I can let myself down, turn off the alarm and go back to sleep. But when I've said I'll meet up with a friend, half the time I'm up even before my alarm goes off.

Aren't friends wonderful?!

Thursday, June 07, 2012

Who were you at 12 or 13?

Ray Bradbury passed away this week. (Tuesday, May 5, 2012) In my newspaper this morning there was a write up about him. I read it with interest and a little melancholy, but one thing stuck with me -- a quote of his from 1982:

"The great thing about my life is that everything I've done is a result of when I was 12 or 13."

This stayed with me for a couple reasons. First, I teach 12- and 13-year-olds. And we do a brief science fiction unit each year and read a few of Ray Bradbury's short stories. I thought the quote would be perfect to work up into a display during our sci-fi unit.

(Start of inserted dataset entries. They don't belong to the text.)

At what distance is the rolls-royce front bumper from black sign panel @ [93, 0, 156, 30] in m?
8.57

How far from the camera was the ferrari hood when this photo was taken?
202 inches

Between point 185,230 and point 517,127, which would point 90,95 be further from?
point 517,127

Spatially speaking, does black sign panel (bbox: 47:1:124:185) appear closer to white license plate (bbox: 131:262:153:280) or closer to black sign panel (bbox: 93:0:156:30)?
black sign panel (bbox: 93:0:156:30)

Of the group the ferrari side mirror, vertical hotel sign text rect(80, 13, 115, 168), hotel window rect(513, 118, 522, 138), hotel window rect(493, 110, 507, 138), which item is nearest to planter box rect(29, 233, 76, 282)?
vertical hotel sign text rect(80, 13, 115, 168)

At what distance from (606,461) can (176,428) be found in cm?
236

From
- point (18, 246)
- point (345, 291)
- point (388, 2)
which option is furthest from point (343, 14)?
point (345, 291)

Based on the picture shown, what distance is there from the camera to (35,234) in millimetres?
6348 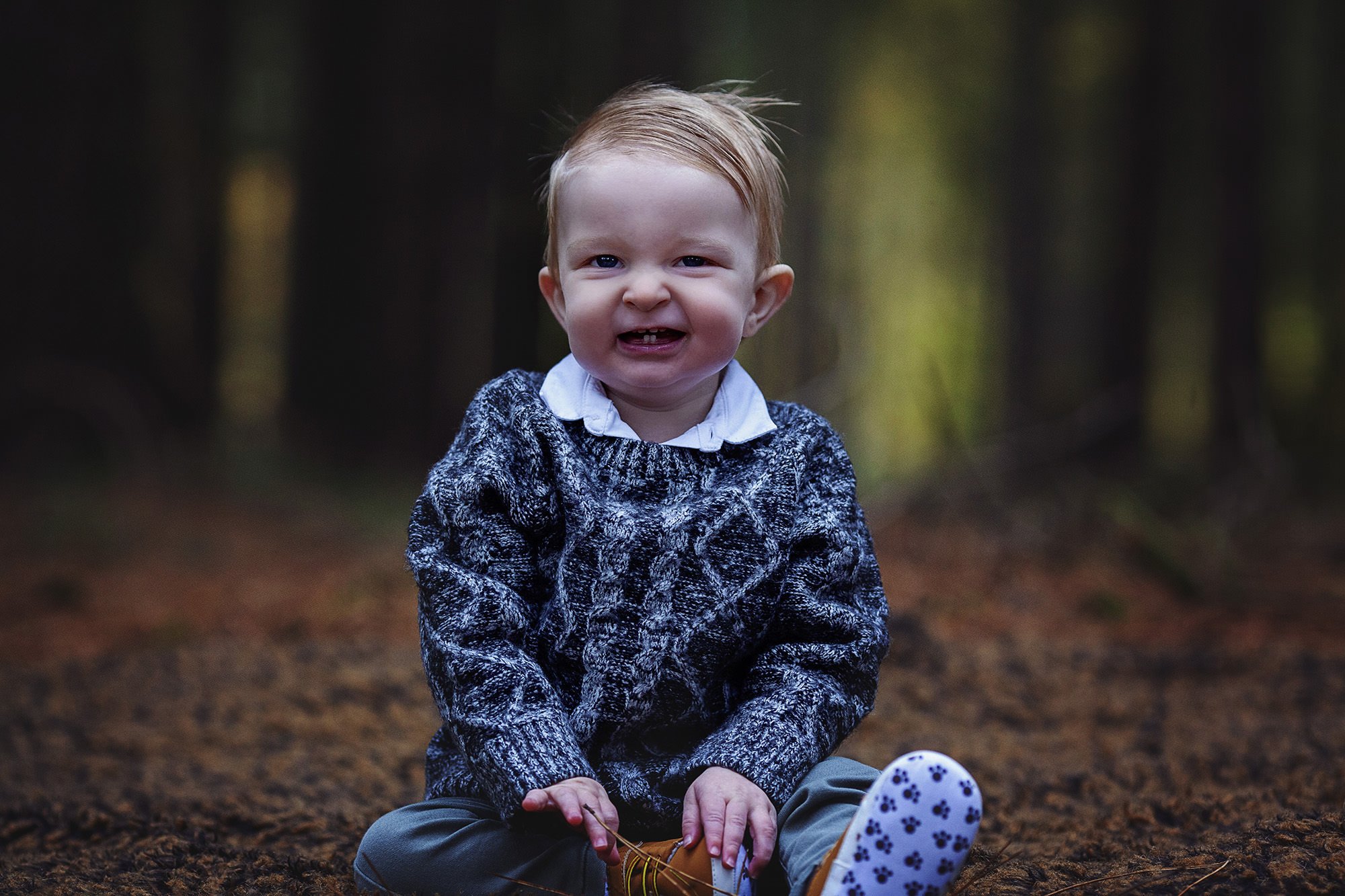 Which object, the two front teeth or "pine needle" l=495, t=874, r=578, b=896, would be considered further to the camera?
the two front teeth

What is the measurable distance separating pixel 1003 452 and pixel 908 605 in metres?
2.52

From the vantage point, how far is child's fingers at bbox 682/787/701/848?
164 centimetres

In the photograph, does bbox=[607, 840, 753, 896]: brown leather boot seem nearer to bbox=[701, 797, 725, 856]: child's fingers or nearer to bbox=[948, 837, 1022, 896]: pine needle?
bbox=[701, 797, 725, 856]: child's fingers

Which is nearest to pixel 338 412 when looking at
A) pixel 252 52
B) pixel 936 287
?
pixel 252 52

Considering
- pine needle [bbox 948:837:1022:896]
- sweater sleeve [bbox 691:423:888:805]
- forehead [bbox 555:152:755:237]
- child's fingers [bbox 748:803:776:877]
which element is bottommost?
pine needle [bbox 948:837:1022:896]

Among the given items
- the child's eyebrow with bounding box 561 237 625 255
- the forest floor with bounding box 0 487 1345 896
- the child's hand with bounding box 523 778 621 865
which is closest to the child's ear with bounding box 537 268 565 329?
the child's eyebrow with bounding box 561 237 625 255

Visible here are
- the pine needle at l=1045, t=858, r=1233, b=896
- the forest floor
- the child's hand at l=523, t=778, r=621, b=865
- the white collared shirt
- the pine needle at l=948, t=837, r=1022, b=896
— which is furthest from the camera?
the forest floor

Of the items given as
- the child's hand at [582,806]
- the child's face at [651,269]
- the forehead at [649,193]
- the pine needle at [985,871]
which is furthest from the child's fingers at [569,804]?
the forehead at [649,193]

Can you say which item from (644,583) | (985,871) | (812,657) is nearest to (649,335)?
(644,583)

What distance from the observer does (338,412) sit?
9.61m

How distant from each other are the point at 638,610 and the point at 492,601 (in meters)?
0.22

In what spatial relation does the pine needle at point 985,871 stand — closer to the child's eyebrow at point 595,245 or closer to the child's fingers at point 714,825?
the child's fingers at point 714,825

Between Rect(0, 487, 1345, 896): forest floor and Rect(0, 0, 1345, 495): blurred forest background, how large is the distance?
29.0 inches

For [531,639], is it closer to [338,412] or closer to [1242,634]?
[1242,634] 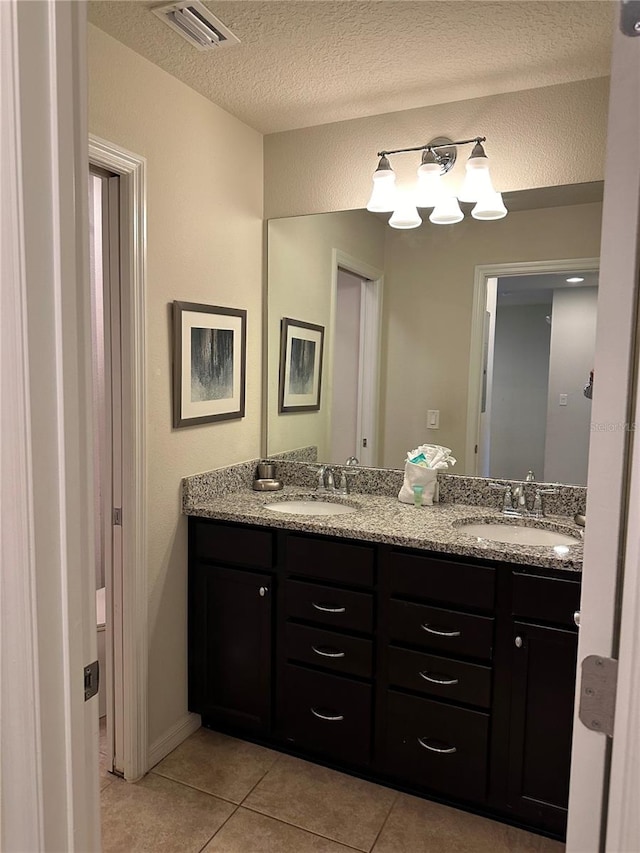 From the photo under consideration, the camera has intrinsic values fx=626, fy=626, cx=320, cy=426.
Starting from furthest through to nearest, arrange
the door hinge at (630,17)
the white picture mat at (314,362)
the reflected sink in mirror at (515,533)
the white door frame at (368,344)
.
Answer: the white picture mat at (314,362) → the white door frame at (368,344) → the reflected sink in mirror at (515,533) → the door hinge at (630,17)

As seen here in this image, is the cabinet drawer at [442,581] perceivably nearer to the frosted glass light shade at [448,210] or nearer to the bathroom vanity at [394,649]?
the bathroom vanity at [394,649]

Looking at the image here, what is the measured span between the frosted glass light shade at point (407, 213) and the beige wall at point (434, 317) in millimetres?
52

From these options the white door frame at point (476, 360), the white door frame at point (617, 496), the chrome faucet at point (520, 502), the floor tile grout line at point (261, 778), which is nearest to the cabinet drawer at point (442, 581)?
the chrome faucet at point (520, 502)

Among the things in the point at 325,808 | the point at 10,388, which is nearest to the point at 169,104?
the point at 10,388

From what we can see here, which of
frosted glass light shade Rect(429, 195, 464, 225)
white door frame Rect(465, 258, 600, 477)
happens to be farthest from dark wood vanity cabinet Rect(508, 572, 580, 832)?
frosted glass light shade Rect(429, 195, 464, 225)

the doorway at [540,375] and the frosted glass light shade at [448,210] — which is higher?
the frosted glass light shade at [448,210]

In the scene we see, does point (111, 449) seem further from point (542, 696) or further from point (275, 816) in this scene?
point (542, 696)

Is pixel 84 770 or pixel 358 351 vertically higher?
pixel 358 351

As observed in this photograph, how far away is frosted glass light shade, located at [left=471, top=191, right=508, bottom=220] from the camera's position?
2.37 meters

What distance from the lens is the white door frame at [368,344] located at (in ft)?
9.00

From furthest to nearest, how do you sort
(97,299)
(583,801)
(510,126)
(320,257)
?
(97,299) < (320,257) < (510,126) < (583,801)

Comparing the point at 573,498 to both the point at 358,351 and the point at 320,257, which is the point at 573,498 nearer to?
the point at 358,351

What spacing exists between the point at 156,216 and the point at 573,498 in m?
1.84

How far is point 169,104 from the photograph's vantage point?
7.34 feet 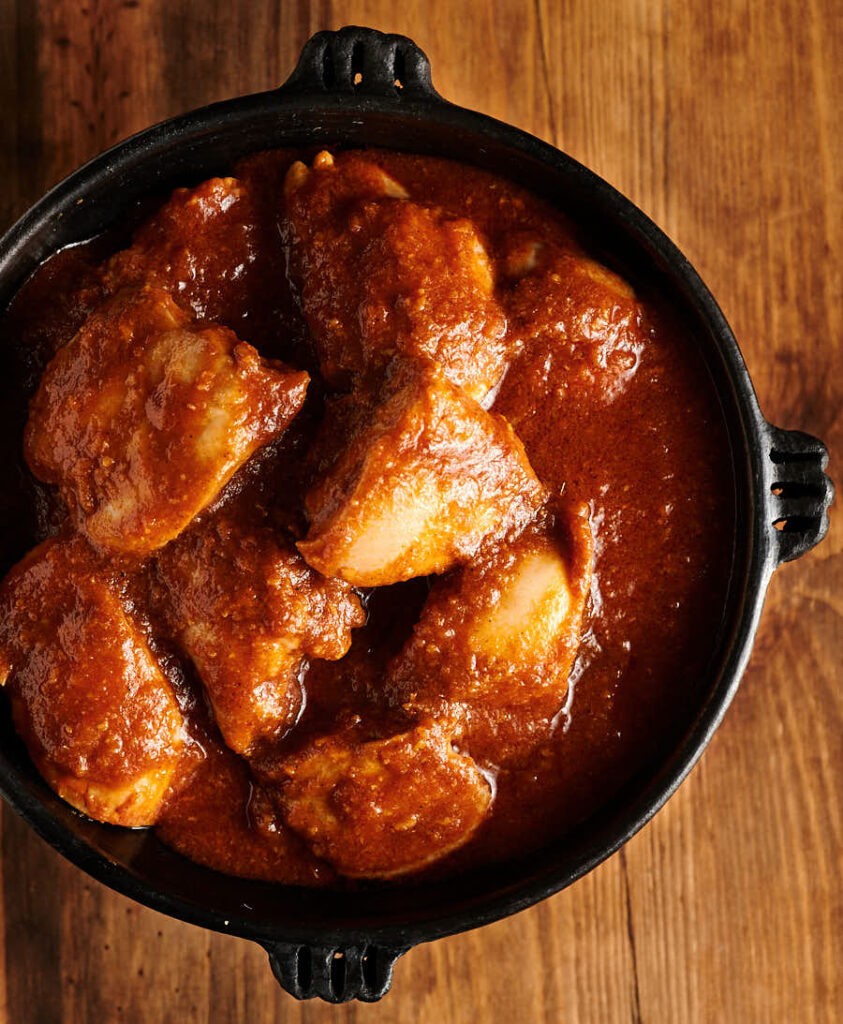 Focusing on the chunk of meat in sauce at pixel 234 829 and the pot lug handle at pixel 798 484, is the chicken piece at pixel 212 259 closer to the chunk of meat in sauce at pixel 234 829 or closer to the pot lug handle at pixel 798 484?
the chunk of meat in sauce at pixel 234 829

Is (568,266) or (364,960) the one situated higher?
(568,266)

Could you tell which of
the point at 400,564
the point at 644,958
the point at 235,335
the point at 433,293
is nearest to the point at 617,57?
the point at 433,293

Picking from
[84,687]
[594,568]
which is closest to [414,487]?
[594,568]

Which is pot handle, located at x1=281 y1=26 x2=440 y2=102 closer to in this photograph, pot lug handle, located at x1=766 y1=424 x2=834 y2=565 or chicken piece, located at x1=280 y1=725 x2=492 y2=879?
pot lug handle, located at x1=766 y1=424 x2=834 y2=565

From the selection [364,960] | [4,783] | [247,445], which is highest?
[247,445]

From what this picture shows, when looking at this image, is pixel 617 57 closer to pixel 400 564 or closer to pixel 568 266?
pixel 568 266

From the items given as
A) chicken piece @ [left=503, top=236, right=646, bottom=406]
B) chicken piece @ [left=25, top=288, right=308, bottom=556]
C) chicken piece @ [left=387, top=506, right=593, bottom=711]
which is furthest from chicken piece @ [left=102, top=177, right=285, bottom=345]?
chicken piece @ [left=387, top=506, right=593, bottom=711]

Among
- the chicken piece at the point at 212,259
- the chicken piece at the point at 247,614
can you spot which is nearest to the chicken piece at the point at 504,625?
the chicken piece at the point at 247,614
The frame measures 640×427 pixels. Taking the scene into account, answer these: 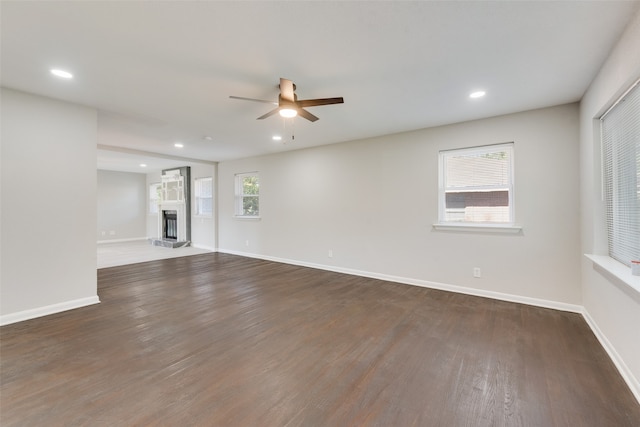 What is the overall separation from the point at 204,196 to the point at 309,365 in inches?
278

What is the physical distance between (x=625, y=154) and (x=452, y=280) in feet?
7.81

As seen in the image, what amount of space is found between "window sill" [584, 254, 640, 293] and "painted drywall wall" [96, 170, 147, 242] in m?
11.8

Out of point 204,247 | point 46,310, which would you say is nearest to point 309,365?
point 46,310

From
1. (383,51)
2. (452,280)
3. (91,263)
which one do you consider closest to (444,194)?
(452,280)

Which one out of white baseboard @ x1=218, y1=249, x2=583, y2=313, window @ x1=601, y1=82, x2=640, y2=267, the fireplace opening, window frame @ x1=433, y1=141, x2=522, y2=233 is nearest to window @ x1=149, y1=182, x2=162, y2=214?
the fireplace opening

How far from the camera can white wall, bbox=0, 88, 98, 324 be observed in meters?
2.90

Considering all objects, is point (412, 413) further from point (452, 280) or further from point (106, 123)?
point (106, 123)

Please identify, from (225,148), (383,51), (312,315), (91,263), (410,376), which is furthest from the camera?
(225,148)

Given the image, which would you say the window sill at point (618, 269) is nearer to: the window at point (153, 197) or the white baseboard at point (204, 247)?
the white baseboard at point (204, 247)

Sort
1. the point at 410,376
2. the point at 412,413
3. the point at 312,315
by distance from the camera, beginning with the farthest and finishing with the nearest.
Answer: the point at 312,315, the point at 410,376, the point at 412,413

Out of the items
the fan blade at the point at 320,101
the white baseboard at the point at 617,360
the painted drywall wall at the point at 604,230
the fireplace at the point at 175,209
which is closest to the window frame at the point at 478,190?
the painted drywall wall at the point at 604,230

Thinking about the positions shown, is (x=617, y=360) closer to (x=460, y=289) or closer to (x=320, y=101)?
(x=460, y=289)

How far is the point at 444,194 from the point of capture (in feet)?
13.6

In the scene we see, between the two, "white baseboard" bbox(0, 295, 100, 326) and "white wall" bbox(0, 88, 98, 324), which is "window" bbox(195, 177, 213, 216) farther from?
"white baseboard" bbox(0, 295, 100, 326) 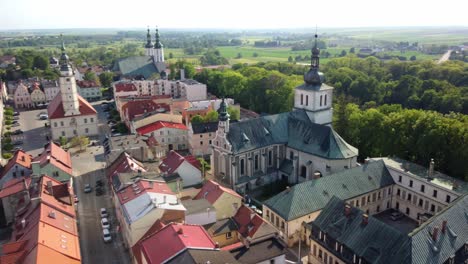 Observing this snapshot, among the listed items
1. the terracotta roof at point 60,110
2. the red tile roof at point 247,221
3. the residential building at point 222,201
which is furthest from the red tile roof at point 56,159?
the red tile roof at point 247,221

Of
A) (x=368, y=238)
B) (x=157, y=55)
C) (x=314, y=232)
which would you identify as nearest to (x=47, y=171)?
(x=314, y=232)

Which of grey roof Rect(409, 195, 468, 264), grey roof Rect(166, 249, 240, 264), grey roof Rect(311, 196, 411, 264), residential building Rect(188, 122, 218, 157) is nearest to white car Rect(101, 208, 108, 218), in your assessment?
grey roof Rect(166, 249, 240, 264)

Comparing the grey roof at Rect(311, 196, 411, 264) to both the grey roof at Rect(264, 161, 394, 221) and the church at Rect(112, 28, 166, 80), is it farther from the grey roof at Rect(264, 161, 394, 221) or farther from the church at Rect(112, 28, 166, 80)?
the church at Rect(112, 28, 166, 80)

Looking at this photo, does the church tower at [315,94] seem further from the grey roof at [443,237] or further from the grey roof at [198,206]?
the grey roof at [443,237]

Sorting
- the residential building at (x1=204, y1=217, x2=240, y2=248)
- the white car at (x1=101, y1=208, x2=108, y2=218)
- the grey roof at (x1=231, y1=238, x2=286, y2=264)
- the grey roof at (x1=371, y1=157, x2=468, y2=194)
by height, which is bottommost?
the white car at (x1=101, y1=208, x2=108, y2=218)

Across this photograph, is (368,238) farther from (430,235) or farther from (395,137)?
(395,137)

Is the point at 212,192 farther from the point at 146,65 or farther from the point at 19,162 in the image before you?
the point at 146,65

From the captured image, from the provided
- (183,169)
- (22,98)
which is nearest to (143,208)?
(183,169)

Second, I really do believe that there is something important that happens at 12 or 13. It's an age when kids are  past childhood, but not quite fully into adolescence. It's a time when they know what they like and what they don't like, and they're dreaming about the future. I deliberately chose to teach 7th grade students because I like that age of kids. They're malleable, flexible, intelligent and ready to laugh.

Ray Bradbury's quote had me thinking about myself at 12 or 13. We moved from our house in Hyrum to live with my Kofoed grandparents while my dad was building our new house. Looking back, I did things then that I still do now. I still write in a journal. I still mow the lawn and work in the yard. I didn't really enjoy cooking then, and I'm not enthusiastic about it now. I did craft projects, played the piano, and enjoyed looking through Country Living Magazine. I took long walks though the neighborhood and noticed landscaping techniques.

I can't completely say that "everything I've done is a result of when I was 12 or 13", but I'm certainly still the same person.

Friday, June 01, 2012

Yard Work Workout Boosts Mental Attitude

School's out for summer. (Humming the rock anthem that these words remind me of.) That means that my summer yard workout season is going to get underway.

I've noticed something about myself; perhaps it's true for you too . . . when I'm feeling blah, if I start doing something -- especially an outdoor gardening task -- I feel better in no time. Just being outside is a lift, but tackling some yard chore and being able to see immediate results gives my mental attitude a boost too.

The question is, if working in the yard lifts my mental attitude 100% of the time, why don't I spend more time doing it? And why don't I look forward to it? I think the answer is . . . because I'm human.